Thursday, September 12, 2002

Eggs

Luna's eggs are delivered with boastful clucking. Rosie sits modestly, discreetly and she leaves behind brown, classically shaped eggs. Gracie peered curiously in to the boxes, and she sat quietly beside Rosie as she brooded. And yesterday Gracie's time came, and she laid her first egg, next to Rosie's. Rosie's brown egg is speckled, like chocolate flecks across cafe au lait, and Gracie's slightly smaller egg was speckled too, with chocolate flecks on muted mint green.

The boys gathered around Gracie and we all praised her lovely egg. Her breed is known to lay Easter eggs of blue and green. It is still an unexpected sight to see a perfect green egg in a bowl with other perfect, brown eggs. This morning we are listening to hear whether Gracie will cluck with effort and pride, or perhaps she will favor Rosie's humble and shy delivery.

Alex speculated; "Do you think it will have a different flavor, or will it taste the same as the brown eggs?" We are so conditioned to commercial packaging and presentation; I can't help but imagine that Gracie's egg might be chocolate mint flavored with perhaps a small drop of sweet cream filling. Or may be she has produced the first omelet in a shell, with a fresh hint of basil and cheese.

This morning all of the chickens, Sunshine too, are loose in the yard. They made a running dash at the gate when I went to feed them. They must have scratched their strategy in the dirt and rehearsed their escape all night, because they were committed and effective and fast. Moments ago, Sunshine sharpend his beak, pecking at the door beside this computer, and glared in through the window. He evidently has bigger plans; he puffed himself up and gave me one last zap of stink eye, before strutting off to check out the pool and spa.

I'd like to sit and write some more, but Geoff just called; I'm supposed to go to the dumpster and lighten the load for the trash man. The landscapers parting gift was to overload the trash and the pick up service won't haul it away until I have mucked around with it for awhile.
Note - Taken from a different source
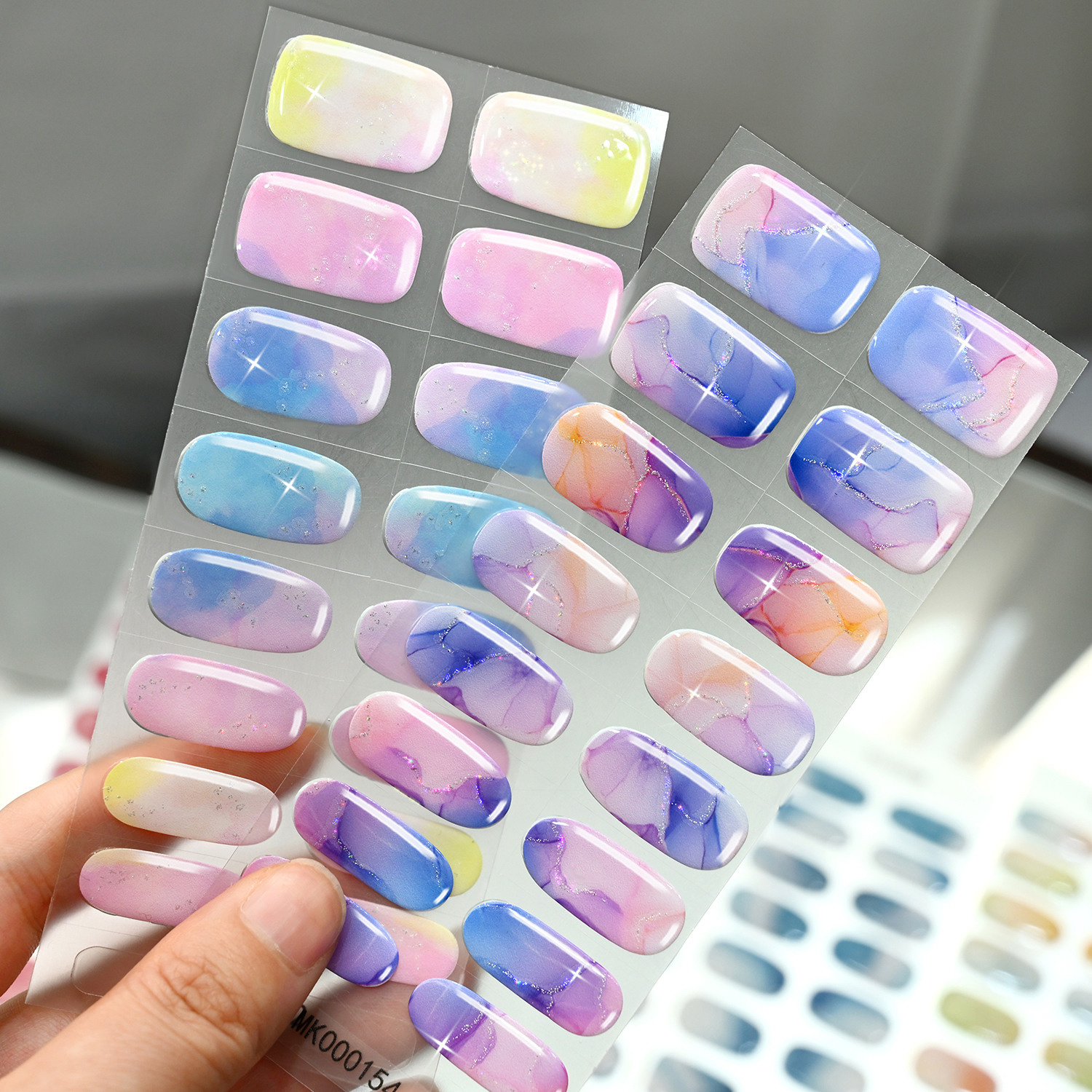 16 Pcs/Sheet Blue Purple Marbl - Full Cover Adhesive ulasan dan harga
Sometimes being witty, strong, and 'at home' is overrated.

Wednesday, September 11, 2002

September 11... A Year Has Passed

This day is too great to be fathomed, too sad to be surmised, too fresh to be healed. This year has been as full of hours and moments, events and passages as any other. One year has passed and yet this day seems impossible; how can it be one year since we bore witness to anguish and fear, confusion and determination?

For weeks and months the grief was at the very surface of every breath. And now? I know where the pain is; there is a hollow pit where the sadness and dismay are a gnawing ache, and circling my head are the fears and questions that go unanswered, unquieted. I have cried and mourned, cooked and cleaned, laughed and remembered, but how can it be a year since our lives were forever altered?
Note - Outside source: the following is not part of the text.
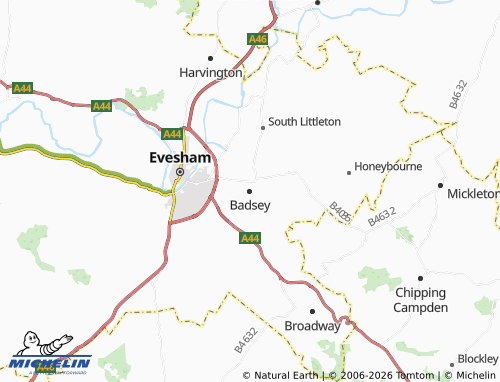 Carte MICHELIN Badsey - ViaMichelin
I still grieve for all that was lost. I still grieve for the people who long to feel relief; to feel their pain subside. I grieve for the individuals who were so blinded by hate and ignorance that they sought to destroy what they could not comprehend, what they could not believe in. I grieve for the men and women still living who cannot enjoy freedom, who value acrimony over reason, and who perpetuate ignorance, fear and hostility.

When I hear someone say: "God Bless America," I think, we are blessed already; let's fulfill the power of our blessings and work for a world where all people may live with hope, faith, love and charity. May my deeds and thoughts, my truest moments, reflect the deep caring I feel for those who have lost and for those dedicated men and women who are still giving. May we all continue to find the resolve to share our strengths and resources, our faith in freedom and equality. And may we recognize the true worth of this nation: we are rich in potential and ideals that can overcome prejudice, ignorance and despair. May we acknowledge the world; it is full of caring, thoughtful people.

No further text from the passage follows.